Statoil ASA and partners Eni Norge AS and Petoro AS have made an oil and gas discovery in the Skavl prospect in PL532, close to Johan Castberg in the Barents Sea.
Well 7220/7-2 S, drilled by the semisubmersible rig West Hercules, proved a 22m gas column and a 23m oil column in the Jurassic Tubåen formation, and a 133m oil column in the Triassic Fruholmen formation - a new play model in the area.
Statoil estimates the volumes in Skavl to be in the range of 20-50 million barrels of recoverable oil.
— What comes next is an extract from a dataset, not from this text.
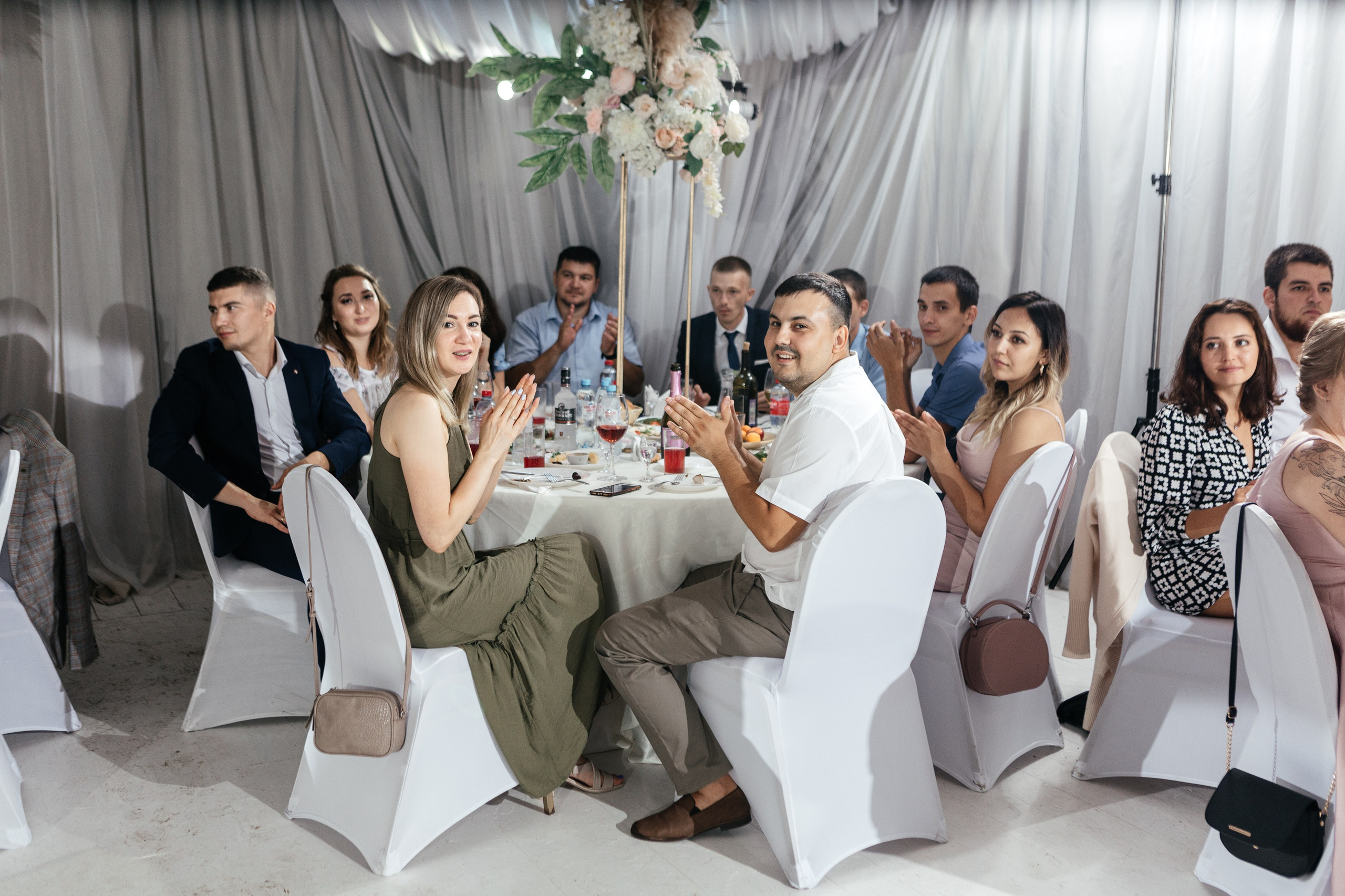 Свадебный фотограф Уфа — Руслан ГабдлисламовЖивые эмоции, красивые кадры, воспоминания на всю жизнь.Работаю по всей Республике Башкортоста. Свадебный фотограф Уфа Руслан Габдлисламов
The Fruholmen formation will be further assessed with future exploration and appraisal, said Statoil.
The find follows an announcement, by Statoil earlier this year, that plans for the Johan Castberg discovery were being delayed in order to further prove the resource base for the development and iron out uncertainties in the investment level.
Gro G. Haatvedt, Statoil's senior vice president for exploration on the Norwegian continental shelf said: "Statoil puts a lot of effort into proving additional oil resources in the Johan Castberg area in order to make the field development project more robust. We are pleased to see that our efforts now pay off."
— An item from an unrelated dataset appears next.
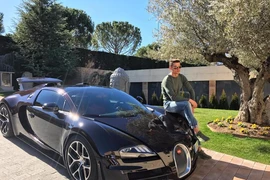 Siêu xe của Ronaldo bị phá hủy sau tai nạn 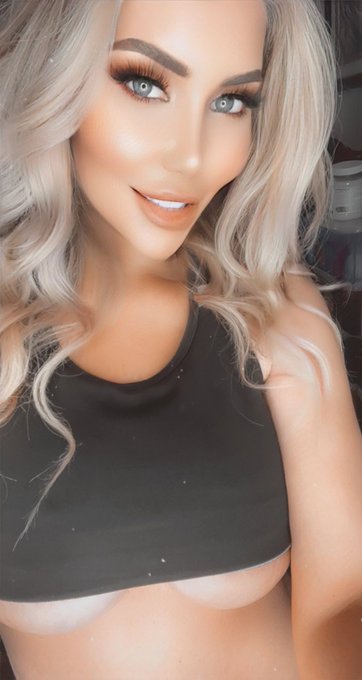Good night lovers 💋 off to #DALLAS TEXAS ✈️ 🤠 https://t.co/1I6YdhqXt6<a href="/tag/dallas"class="tags">#DALLAS</a>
However, Statoil's VP for field development, northern Norway, said there were still issues around the tax framework for the field, which "remained challenging".
Skavl was the third of a four well-campaign in the Johan Castberg area planned for this year. The first two wells, Nunatak and Iskrystall, proved only gas.
When work is completed at Skavl, the West Hercules will move 16km north to drill the fourth well on the Kramsnø prospect. Plans for drilling in 2014 include the Drivis prospect. Statoil is currently evaluating additional opportunities, said Haatvedt.
Statoil is operator for production license PL532 with an ownership share of 50%. The license partners are Eni Norge AS (30%) and Petoro AS (20%).